| Titre original: | The Smashing Machine |
| Réalisateur: | Benny Safdie |
| Sortie: | Cinéma |
| Durée: | 123 minutes |
| Date: | 29 octobre 2025 |
| Note: |
Smashing Machine, réalisé par Benny Safdie n'est pas un simple biopic sportif. C'est un portrait meurtri et discrètement dévastateur de l'ambition, de la fragilité et de la longue ombre projetée par la gloire physique. Le film suit le pionnier des arts martiaux mixtes Mark Kerr, interprété avec une retenue et une sincérité surprenantes par Dwayne Johnson, dans ce qui est sans doute la performance la plus audacieuse et la plus humaine de sa carrière. Il retrace l'ascension de Mark Kerr à la fin des années 1990 en tant que combattant indomptable et son lent effondrement sous le poids des analgésiques, de la célébrité et de l'exigence impossible de toujours gagner, tant sur le ring qu'en dehors. L'ironie de voir Dwayne Johnson, un homme qui a bâti son personnage sur l'invincibilité, incarner un combattant qui apprend finalement à perdre, donne au film une dimension métaphorique supplémentaire.
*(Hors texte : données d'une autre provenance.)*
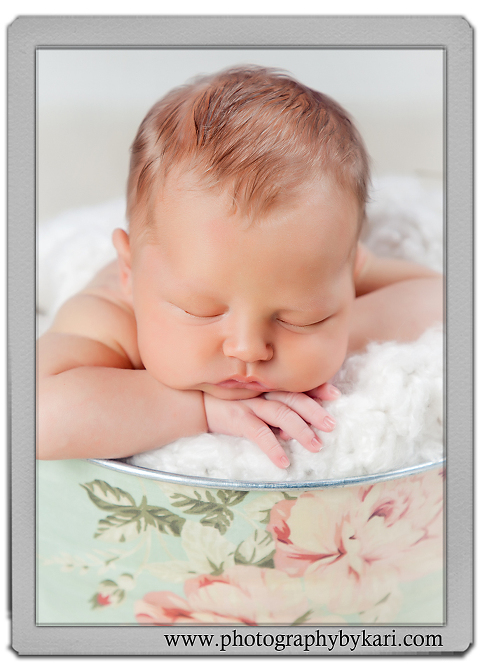 se-minnesota-newborn-portrait-photographer8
Benny Safdie présente son histoire moins comme une chronique des triomphes sportifs que comme une anatomie de l'effondrement. S'inspirant du documentaire du même nom réalisé par John Hyams pour HBO en 2002, il utilise les images granuleuses filmées à la main par le directeur de la photographie Maceo Bishop pour brouiller la frontière entre fiction et réalité. La caméra tourne autour de Mark Kerr, presque timidement, dans les vestiaires, chez lui ou affalé en silence après une défaite. C'est un film sur le bruit et le silence, sur un homme qui passe ses journées dans des cages mais qui n'a aucun refuge sûr où se retirer. Benny Safdie résiste à l'arc traditionnel de la rédemption ; il offre plutôt le calme troublant qui suit la tempête, le et maintenant ? d'un homme qui a tout conquis pour finalement se rendre compte qu'il est vide.
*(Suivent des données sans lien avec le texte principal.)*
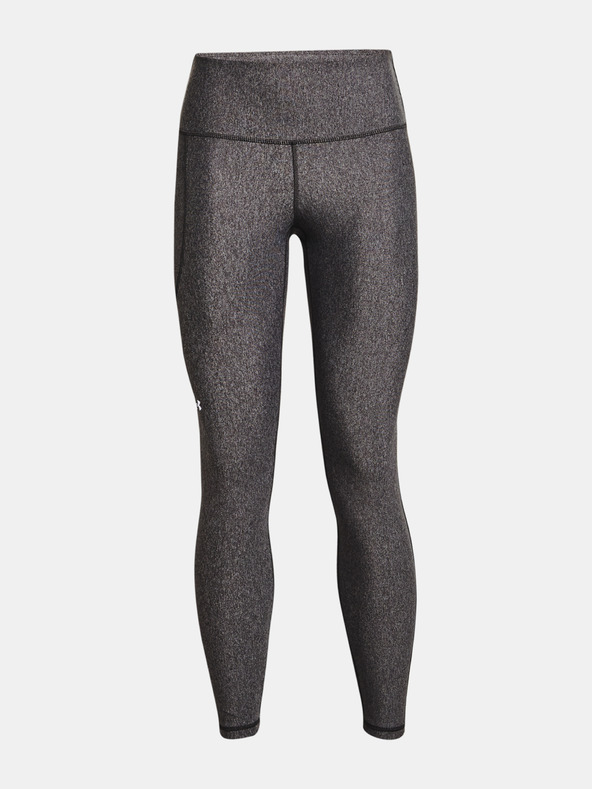 Under Armour Dámské kompresní legíny Under Armour HG Armour HiRise Leg NS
En Dwayne Johnson, Benny Safdie trouve un acteur prêt à brûler sa propre mythologie. Finis le sourire éclatant et le charisme invulnérable qui ont marqué ses années de succès. Sous les prothèses conçues par Kazu Hiro, Dwayne Johnson est méconnaissable, non pas à cause du maquillage, mais à cause de sa vulnérabilité. Son Mark Kerr est un paradoxe : une figure imposante capable d'une violence indescriptible qui parle d'une voix douce et prudente, comme un enfant en quête d'approbation. Sa dépendance aux opiacés n'est pas présentée comme un échec moral, mais comme une tentative tragique d'étouffer le chaos qui l'habite. Quand il avoue : « Une journée sans douleur, c'est comme une journée sans soleil », ce n'est pas de la bravade, c'est une confession. Le film comprend la dépendance comme étant à la fois physique et existentielle, une extension de la même soif qui anime tous les combattants : le besoin de ressentir quelque chose qui fait juste assez mal pour vous rappeler que vous êtes en vie.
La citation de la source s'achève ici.